Stealth Rock disproportionately hurts styles which require a lot of switching, namely, stall.
Stealth Rock is often considered to be a weapon of stall. After all, stall teams are supposed to stack hazards, spinblock, and force switches, right? Well, that's not really the kind of stall I see anymore. Generally stall attempts to stack damage with hazards, but also weather, status, and small amounts of chip damage that add up over time and take advantage of the typical offensive team's lack of recovery. More and more, Stealth Rock this generation has become a weapon of offense. Why? Because SR turns 2HKOs into OHKOs and 3HKOs into 2HKOs, massively limiting the number of defensive checks you have to take into account and increasing offensive flexibility. HO teams don't really have to be worried about Stealth Rock for several reasons - they don't switch nearly as much, they put offensive pressure on opposing teams which makes SR harder to get up, and the presence of offensive spinners (usually Starmie) and powerful Pursuiters makes spinblocking quite difficult for stall. Meanwhile, dedicated SR leads like Taunt Terrakion, Custap Skarmory or Garchomp practically guarantee that offense can set up SR several times a game against stall.
I personally get the very worst part of this running hail stall, so perhaps my experience is somewhat exaggerated compared to most. But the presence of these pokemon makes my life VERY difficult. I personally use Forretress, but for any spinner the number of pokemon it can switch in and spin on is inherently limited and you don't have many chances against an offensive team which is constantly putting pressure on you. My stall team (and I think most stall teams) would be far better off without SR - it makes more walls viable, means your walls counter more pokemon and in more situations, and allows you to play around more opponents by switching smartly.
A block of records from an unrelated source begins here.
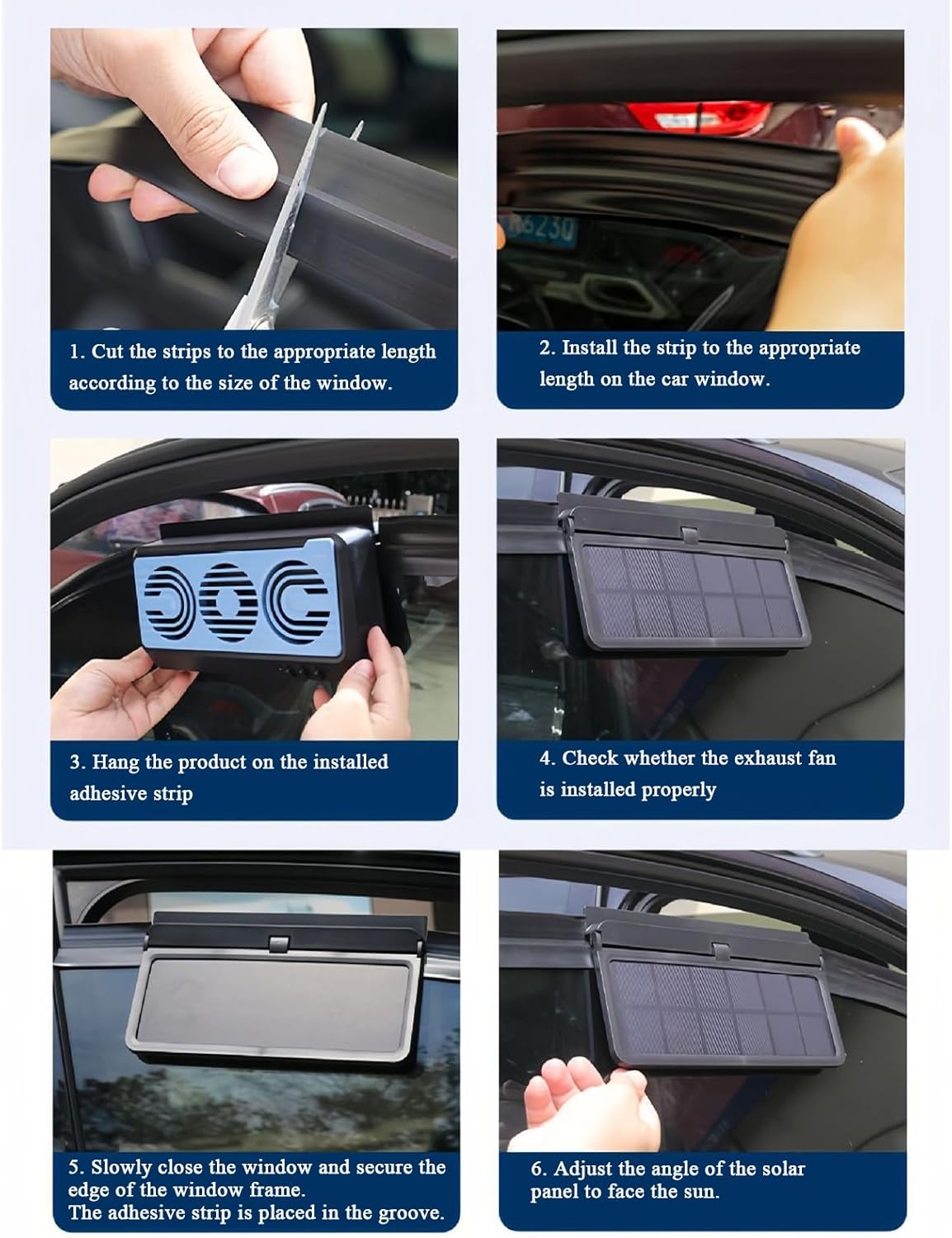 Solcellsdriven bilfönsterfläkt – dubbelkanalig ventilation, utsug och kylningstillbehör – Aurovent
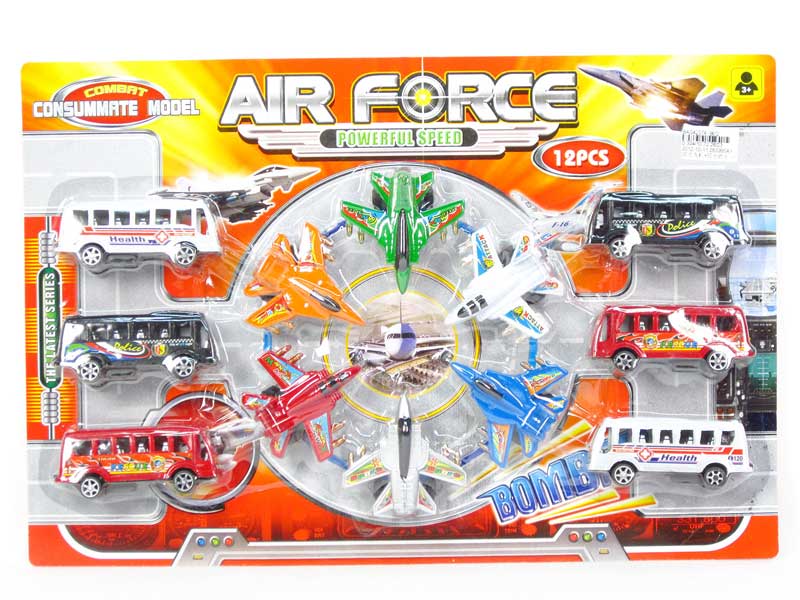 Pull Back Airplane & Pull Back Bus(12in1) toys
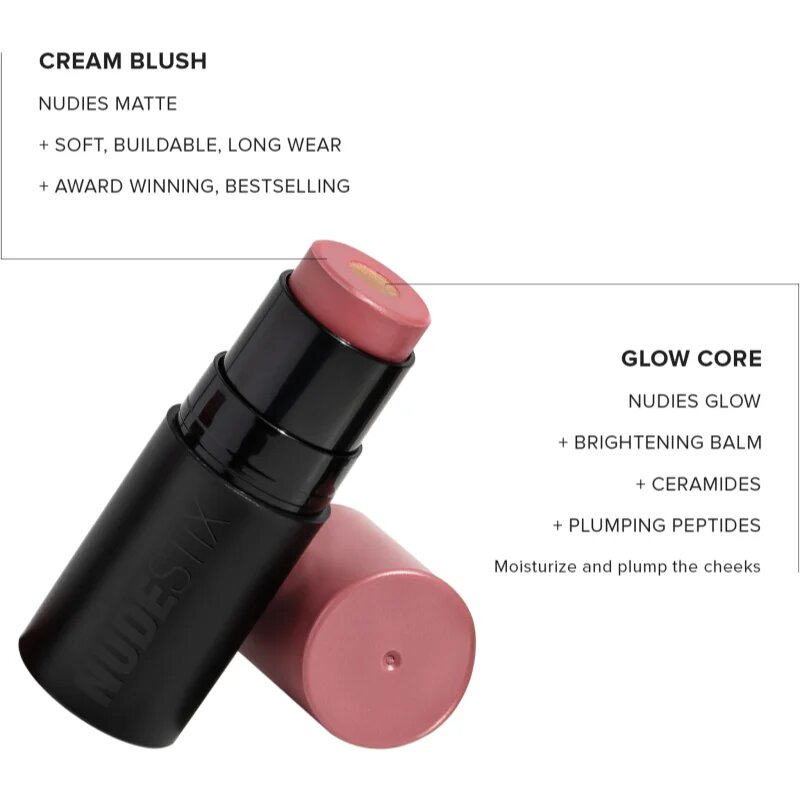 Nudestix Nudies Matte + Glow Core multifunkční líčidlo pro oči rty a tvář odstín Pink Ice 6 g
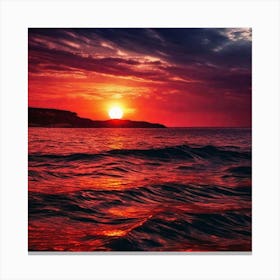 Sunset Over The Ocean 163 Canvas Print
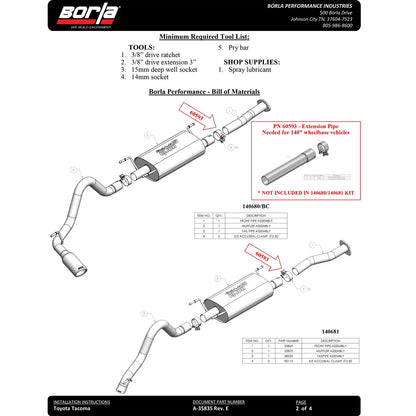 Borla 140681 S-Type Stainless Cat Back Exhaust System for 2016-23 Tacoma 3.5L V6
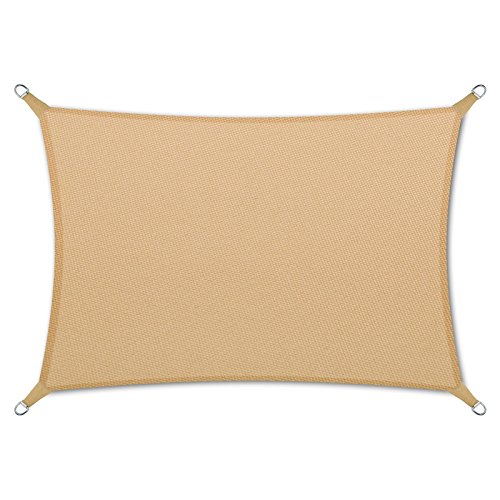 casa pura Sonnensegel mit Befestigungsset | für Garten, Balkon und Terrasse | wasserabweisend und atmungsaktiv | große Auswahl an Formen, Größen und Farben | Rechteck Sand 5x7 m + 4X Montagekit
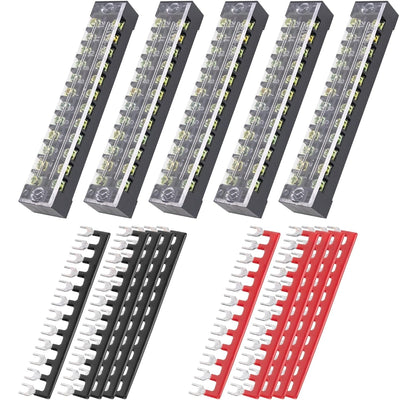 Five 12-position 600V terminal strip blocks with covers and ten 400V pre-insulated barrier strip jumpers.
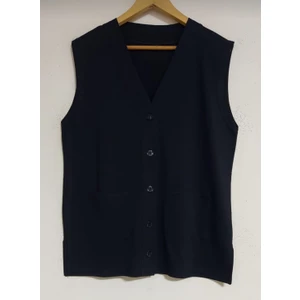 Fresh Moda Kadın Siyah Anne Yazlık Penye Cepli Yelek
I would also like to play up the point LonelyNess made about disincentivizing switching in general. The ability to switch smartly is possibly the most important and most difficult skill that a competitive battler has. Predicting opponent's moves and switches and switching to counter them can turn a bad matchup into a victory and a good battler into a great battler. SR puts a passive limiter on ANY switching, in all situations, no matter what. Making switching harder makes predicting harder which makes battling less skillful, full stop. That's not a happy state of affairs.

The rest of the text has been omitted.